HexaShrink's reversibility and geometric consistency derive from modular application of transforms:

  • Lifting scheme: Guarantees integer-to-integer processing and exact synthesis via rounded linear updates.
  • Morphological processing: Fault segmentation and configuration propagation are strictly rule-based, using logical combinations over blockwise topological flags.
  • Constraint enforcement: The system automatically preserves mesh boundaries and active regions via imposed conditions such as

z(l1)[0]=z(l)[0],d(l1)[1]=d(l1)[0]z^{(l-1)}[0] = z^{(l)}[0], \quad d^{(l-1)}[-1] = -d^{(l-1)}[0]

A summary table of the main transforms:

Mesh Dimension Transform Type Role
Vertical (z) Rounded 1D lifting Geometry/attributes
Horizontal (x, y) 2D morphological wavelet Fault segmentation
Continuous props Piecewise linear wavelet Attribute downsampling
Categorical props Modelet Category hierarchy

These design choices collectively guarantee that the original mesh can be reconstructed exactly from the collection of low-resolution mesh and detail coefficients produced at each analysis stage.

6. Applications and Implications

The HexaShrink framework supports numerous high-performance computing and big-data scenarios:

  • Reservoir modeling: Coarse-to-fine mesh visualization with fault preservation critical for flow simulation and analysis.
  • Medical and materials imaging: Multiscale representation of structured internal meshes supports interactive visualization and multi-scale analysis.
  • Progressive transmission: Hierarchical mesh compression enables efficient data transfer, with on-demand detail extraction.
  • Data archiving: Single-shot, lossless compression ("compress once, decompress many") with integrity of key mesh features.

Additionally, HexaShrink's property-specific transforms (notably, the modelet for categorical data) advance the state of the art in attribute hierarchy handling compared to prior methods focused solely on geometry.

7. Position in Broader Research Context

HexaShrink's approach is distinguished from both classical mesh compression and generalized wavelet decompositions (e.g., biorthogonal wavelets or geometric multiscale analysis for manifold data (Grohs et al., 2010)), by its explicit engineering for structured hexahedral meshes with discontinuities, exact reversibility, and attribute-specific transform design.
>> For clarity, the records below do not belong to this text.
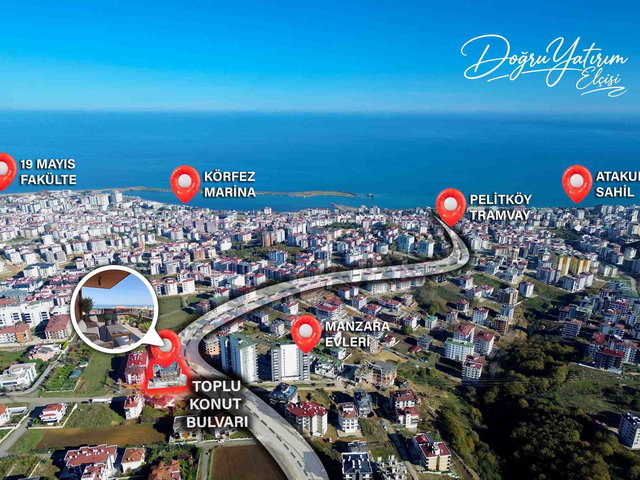 ATAKUM KÖRFEZ MAH’DE SIFIR DAİRE, SIFIR EŞYALI, DENİZ MANZARALI BALKONLU 1+1 KİRALIK DAİRE
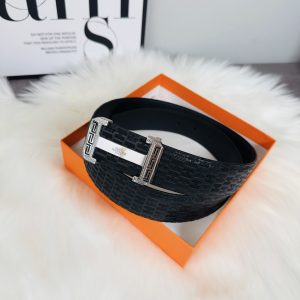 Hermès nhập khẩu mới 3,8cm thép không gỉ mịn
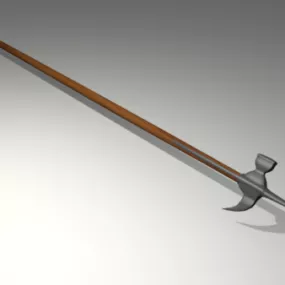 Lucern Hammer Weapon 3d model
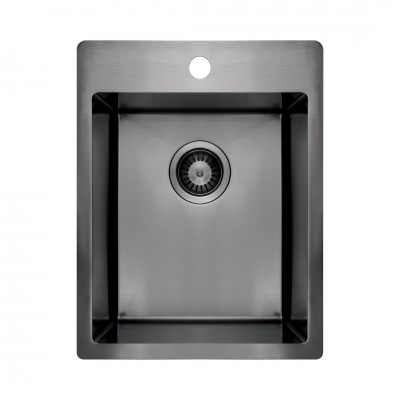 Deante Olfato zlewozmywak stalowy 39x50,5 cm titanium ZPO_D10E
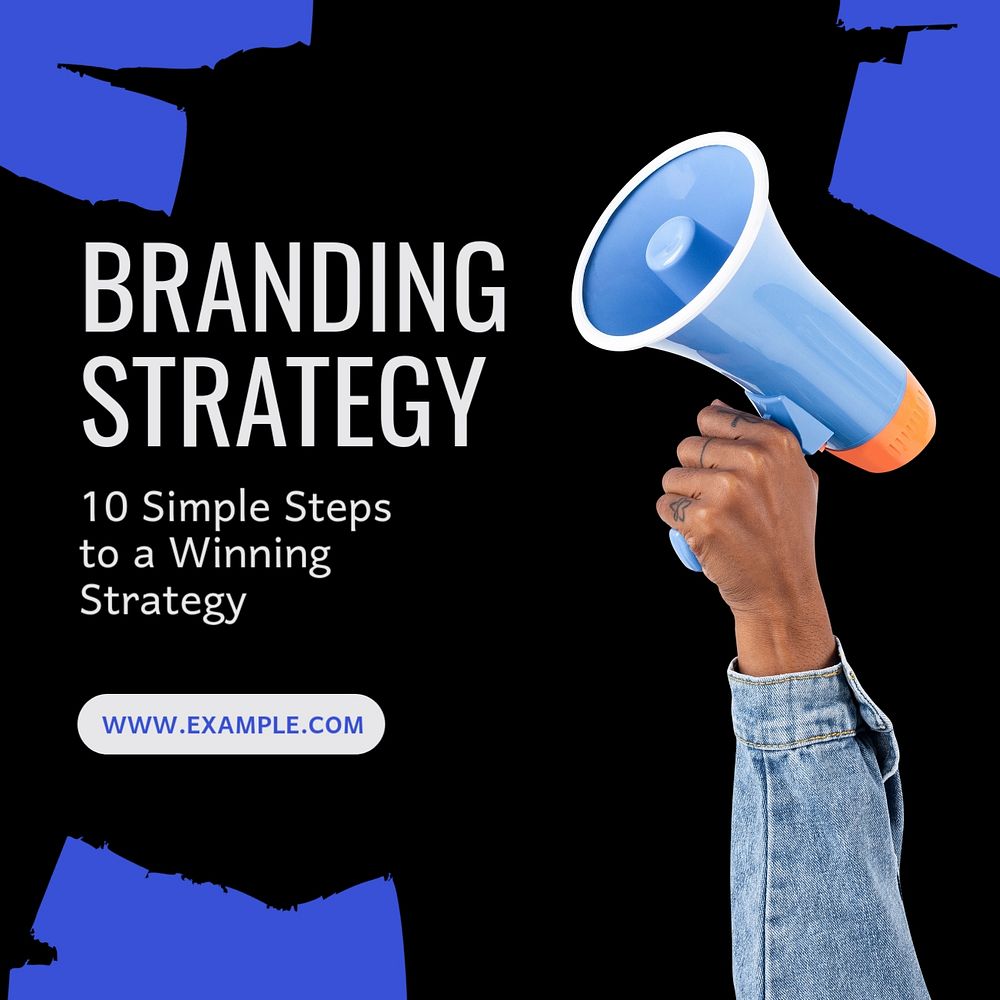 Branding strategy Instagram post template, editable text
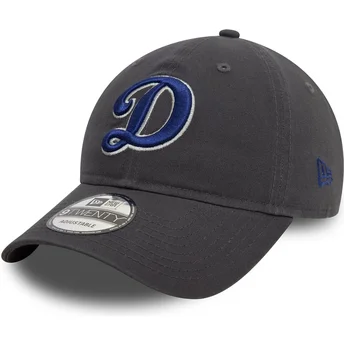 Szara, regulowana czapka z zakrzywionym daszkiem 9TWENTY Core Classic Los Angeles Dodgers MLB od New Era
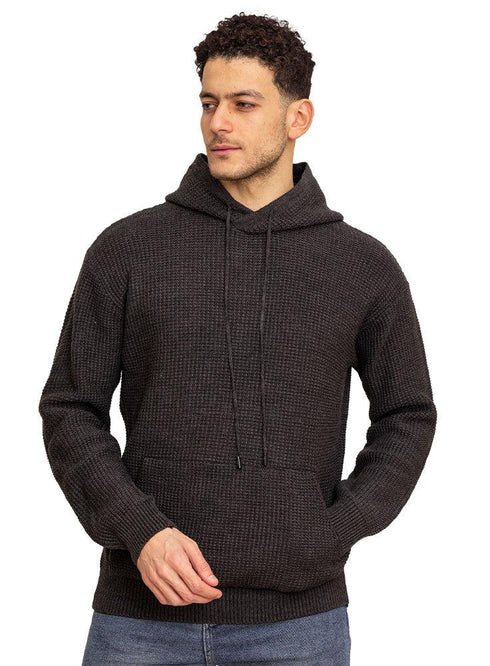 F - Black Hoodie Pullover - Khotwh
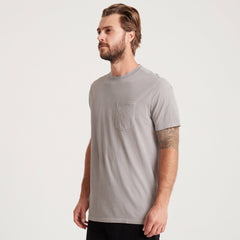 Roark Made To Fade Short Sleeve Tee in Washed Grey - Men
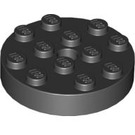 LEGO Black Turntable 4 x 4 Top (Locking) (30658)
Its fully reversible multi-attribute decomposition, morphological fault handling, and modular upscaling framework (applicable to continuous and categorical mesh data) are explicitly developed to address the demands of large-scale HPC visualization, simulation, and storage in fields characterized by immense, discontinuous data volumes (Peyrot et al., 2019).